**Problem to solve**
Would you write out the full listing exactly, without any pictures?

**Stored data**
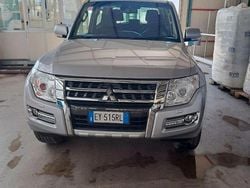 Usata 2015 Mitsubishi Pajero SUV | 22.000 € (Buon prezzo)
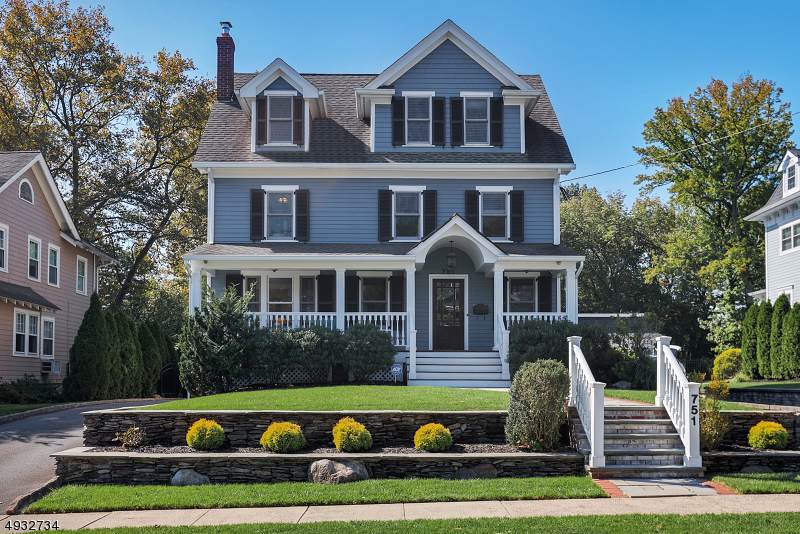 751 Prospect St - Photo 1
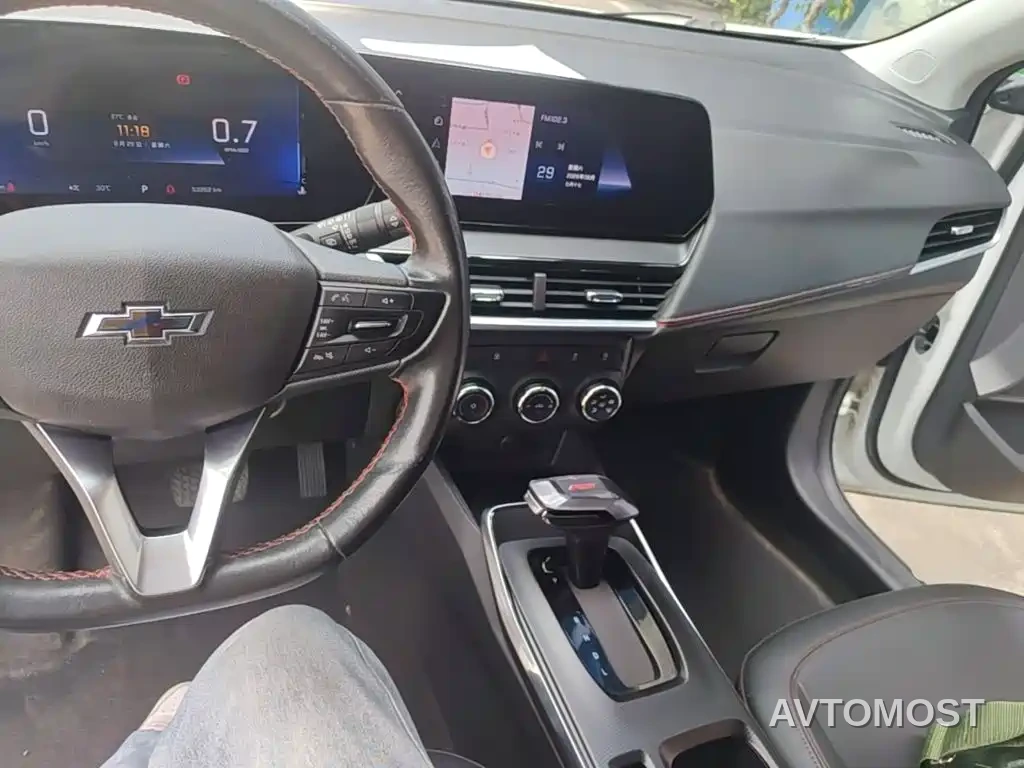 Chevrolet Trax 2023 Model Tracker RS 1.5T CVT Cool — фото 9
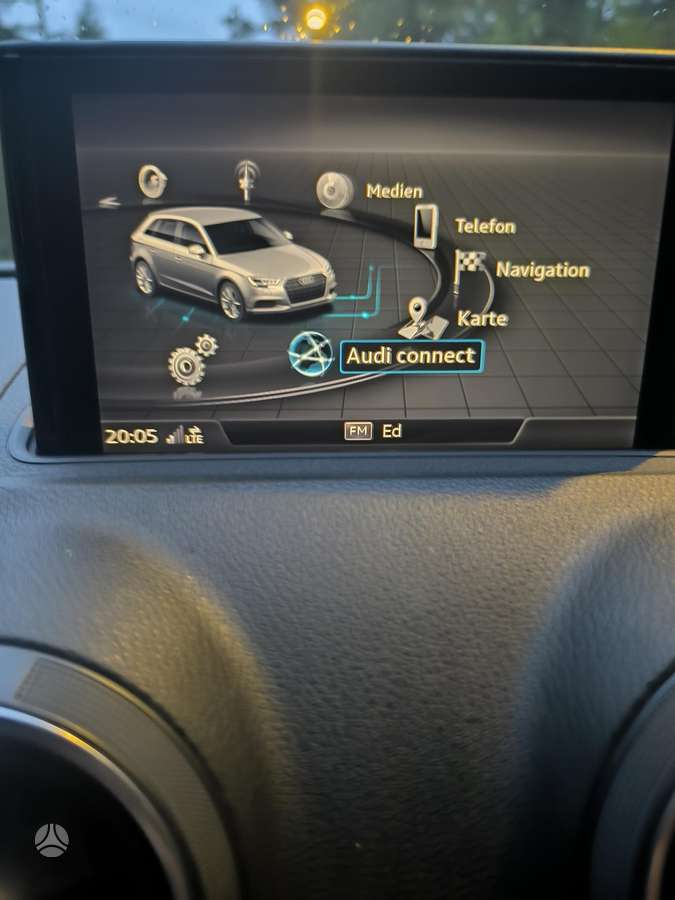 Audi A3, 1.6 l., hatchback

**Exercise answer**
 Usata 2015 Mitsubishi Pajero SUV | 22.000 € (Buon prezzo)
 751 Prospect St - Photo 1
 Chevrolet Trax 2023 Model Tracker RS 1.5T CVT Cool — фото 9
 Audi A3, 1.6 l., hatchback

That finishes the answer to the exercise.